A claim cell records one artifact's support for one claim type:

{
  "schema": "assay.observability.claim_class_cell.v0",
  "claim_type": "measured_filesystem_effect",
  "artifact_role": "measured_run_archive",
  "claim_strength": "strong",
  "claim_basis": "measured",
  "evidence_refs": [
    "observation-health.json",
    "capability-surface.json"
  ],
  "notes": [
    "Only valid when observation health is clean."
  ],
  "non_claims": [
    "does_not_prove_tool_intent"
  ]
}

Artifact Roles¶

Role	Meaning
`otel_family_trace`	An OpenTelemetry-family trace, including OpenInference-style semantic conventions.
`measured_run_archive`	An Assay-Runner measured-run archive or extracted archive contents.
`joined_artifacts`	A comparison row that uses both trace and measured-run evidence through an explicit join key.
`external_receipt`	A receipt or verifier output imported as external evidence.
`none`	No artifact supports the claim.

Contract Principles¶

Strength and basis are independent. A claim can be strong but reported, or partial but measured.
Strong does not mean universal. A strong claim is strong only inside the artifact's declared boundary.
Measured does not mean semantic. Kernel or capability-surface evidence can prove an effect occurred without proving why it occurred.
Reported does not mean false. Reported trace or SDK fields can be the right source for intent and control flow.
Derived must name the rule. A derived claim should include the comparator, projection, or schema rule that produced it in evidence_refs or notes.
Absent is a claim about the artifact, not the system. absent means the artifact does not support the claim; it does not prove the underlying event did not happen.

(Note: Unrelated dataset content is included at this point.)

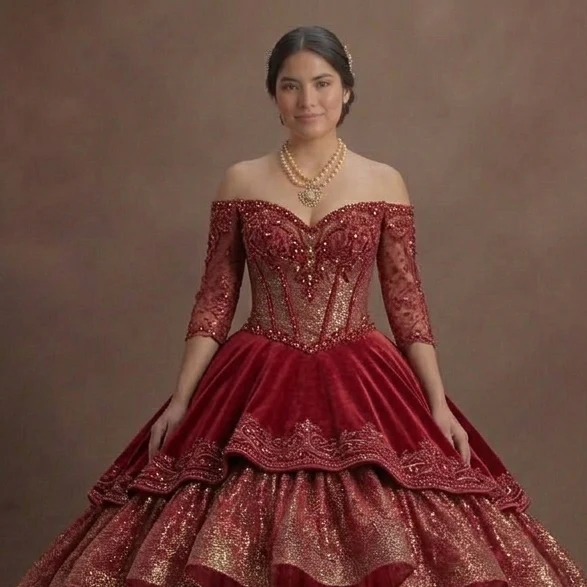 Two-Piece Red Quinceañera Dress Sparkle Fabric Design - Image 4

Canonical Claim Types For The Layering Experiment¶

The first observability-layering findings document should use this starter set unless it explicitly freezes a new version.

The v0 JSON schema keeps claim_type as an open lowercase identifier rather than an enum. That lets the first findings document add a small experiment-specific row without a schema bump. The tradeoff is typo risk, so findings should treat the table below as canonical unless they also document a new claim type. A v0.1 contract may freeze this starter set after the first findings document proves it is stable enough.

Claim type	Description
`reported_control_flow`	The agent/framework-reported execution shape.
`tool_call_intent_context`	Tool target, declared arguments or projections, and surrounding semantic context.
`tool_call_identity`	Stable identity for joining tool-call records across layers.
`policy_decision_evidence`	The allow/deny/error decision and policy context observed for a tool call.
`measured_filesystem_effect`	Filesystem paths or operations observed inside the measurement boundary.
`measured_network_effect`	Network endpoints observed inside the measurement boundary.
`process_execution_effect`	Process execution observed inside the measurement boundary.
`bounded_negative_claim`	A negative claim scoped to clean measurement health.
`measurement_integrity`	Health, drop, and correlation signals that bound measured claims.
`capability_drift`	Cross-run or cross-arm difference in observed capability surface.
`privacy_capture_policy`	What content the artifact may expose or deliberately omit by configuration/design.

Non-Claims¶

This contract does not rank observability products.
This contract does not decide whether a policy decision is correct.
This contract does not make legal or compliance claims.
This contract does not promote comparison rows into Trust Basis claims.
This contract does not replace Runner archive health gates.